BREAKING NEWS: Oil Money Wiped Clean as Revenue Crisis Deepens

Nigeria’s fiscal landscape has been jolted by a bombshell revelation: President Bola Tinubu has approved the cancellation of the bulk of the Nigerian National Petroleum Company Limited’s long-standing debts to the Federation Account effectively erasing about $1.42 billion and ₦5.57 trillion after a high-level reconciliation exercise.

The decision, now stirring intense controversy, raises fresh questions about transparency, accountability, and who ultimately bears the cost of Nigeria’s oil sector legacy problems.

Presidency Approves Massive Debt Wipe

The approval was disclosed in an official document prepared by the Nigerian Upstream Petroleum Regulatory Commission and presented at the November meeting of the Federation Account Allocation Committee.

According to the report, debts previously standing at over $1.48bn and ₦6.33tn were reviewed and largely struck off following presidential authorisation.

Nearly All Dollar Debt, Most Naira Obligations Erased

The reconciliation exercise wiped out roughly 96% of the dollar-denominated liabilities and about 88% of the naira obligations owed by Nigerian National Petroleum Company Limited to the Federation as of December 31, 2024.

The directive followed recommendations by a Stakeholder Alignment Committee set up to untangle years of disputed royalty and crude lifting obligations between NNPC and the Federation.

Fresh Debts Still Hanging

Despite the sweeping cancellation of legacy balances, new liabilities continue to pile up. Obligations incurred between January and October 2025 reportedly remain above $56.8m and ₦1.02tn, although part of the dollar component has been recovered.

Regulators confirmed that accounting entries have already been adjusted, effectively locking the write-off into Nigeria’s public finance records.

Timing Raises Eyebrows as Revenue Falls Short

The debt wipe comes amid a worsening revenue crisis. Official data shows the upstream regulator missed its November 2025 revenue target by over ₦544bn, while royalty collections collapsed far below projections.

Cumulatively, Nigeria’s upstream revenue shortfall for 2025 reportedly exceeds ₦5.6tn, intensifying scrutiny over the decision to forgive trillions in oil-related debts.

Old Ghosts, New Battles

The move reopens unresolved disputes over historic under-remittances. A long-running clash between NNPC and audit firm Periscope Consulting, hired by the Nigeria Governors’ Forum, centres on allegations of $42.37bn in missing oil revenue between 2011 and 2017.

While NNPC insists no money is owed, auditors maintain that massive gaps remain unexplained.
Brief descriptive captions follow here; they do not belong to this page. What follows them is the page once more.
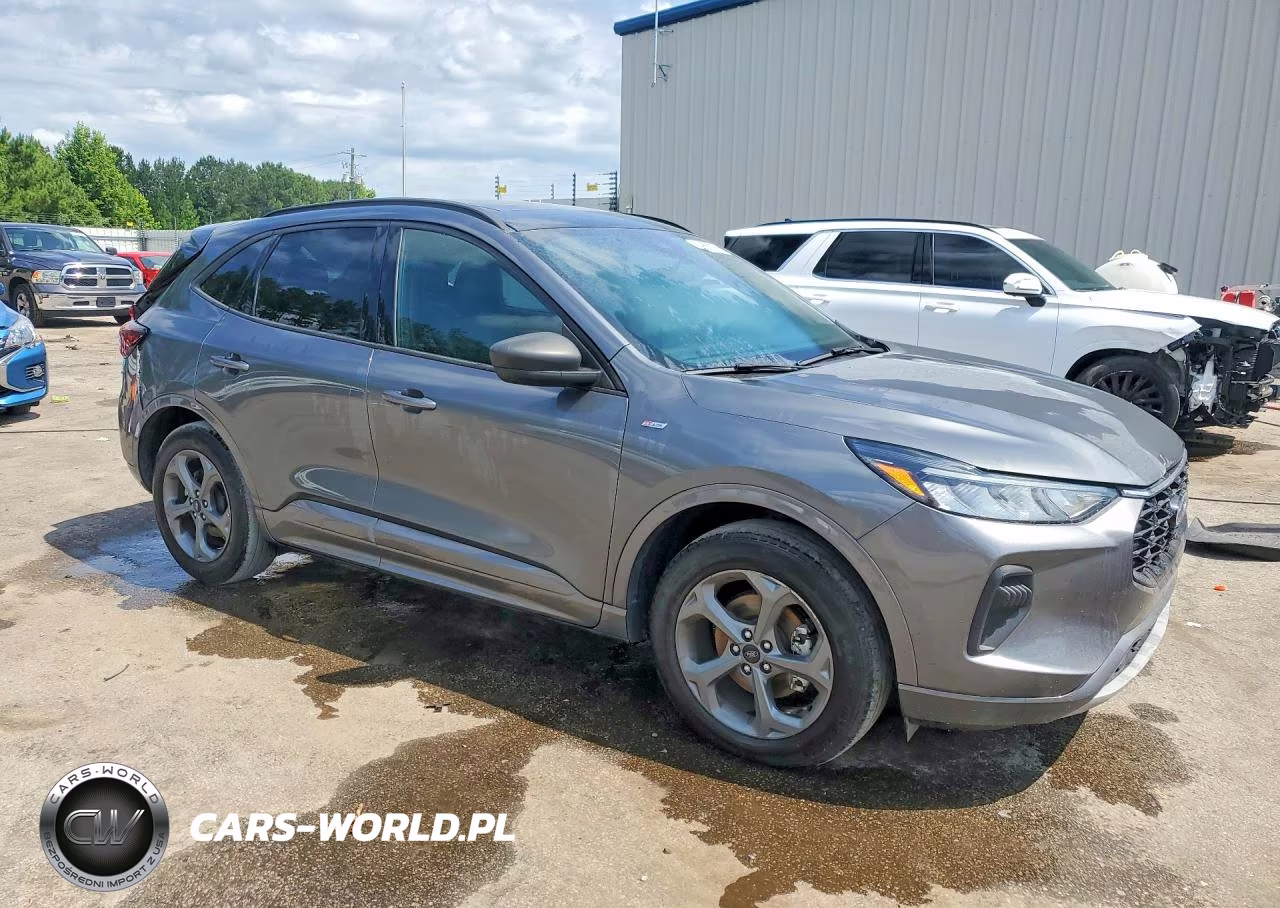 2024 Ford Escape St Line VIN:1FMCU0MN1RUA65416 - 4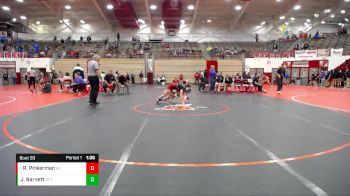 127-132 lbs Round 2 - Rheannon Pinkerman, Rensselaer Central vs Joslyn Barnett, Attica
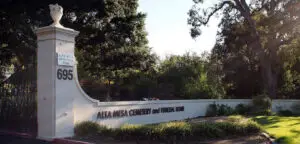 photo of Alta Mesa Memorial Park in Palo Alto, California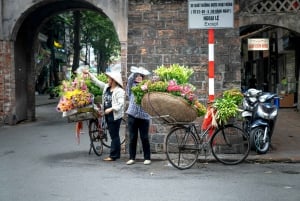 Le gemme nascoste di Hanoi: Tour a piedi del quartiere vecchio e della via del treno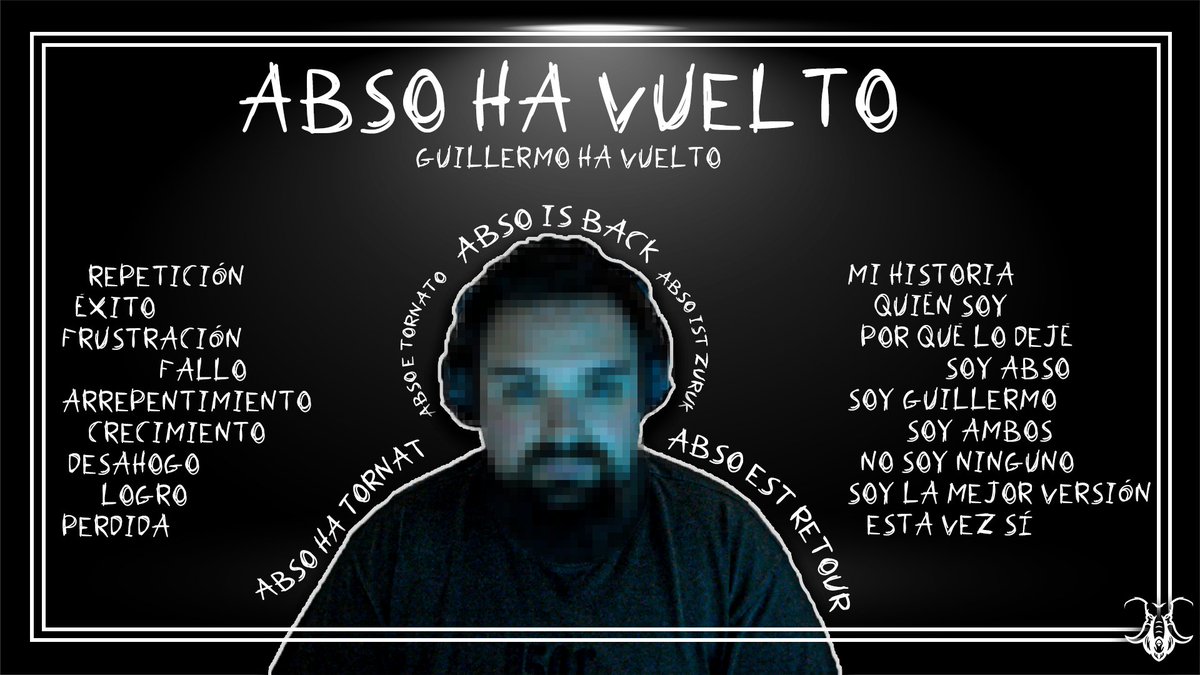 Absorved_'s tweet image. Hoy a las 21:00 subo mi primer video después de más de 6 años..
FAAC has now ordered both sides back to the table for yet another reconciliation.

World Bank Red Flags Resurface

The controversy also revives earlier warnings from the World Bank, which accused NNPC of persistent revenue leakages and incomplete remittances even after fuel subsidy removal.

The Bank alleged that only half of certain crude revenue gains were transferred to the Federation, with the rest quietly used to offset past arrears.

Transparency Promises Under Pressure

NNPC’s Group CEO has repeatedly promised openness and clean books, but critics argue that writing off trillions without public debate undermines trust and shifts the burden of inefficiency onto Nigerians.

As oil revenues shrink and debts disappear from the books, the question echoing across the country is stark: who truly pays for Nigeria’s oil sector losses?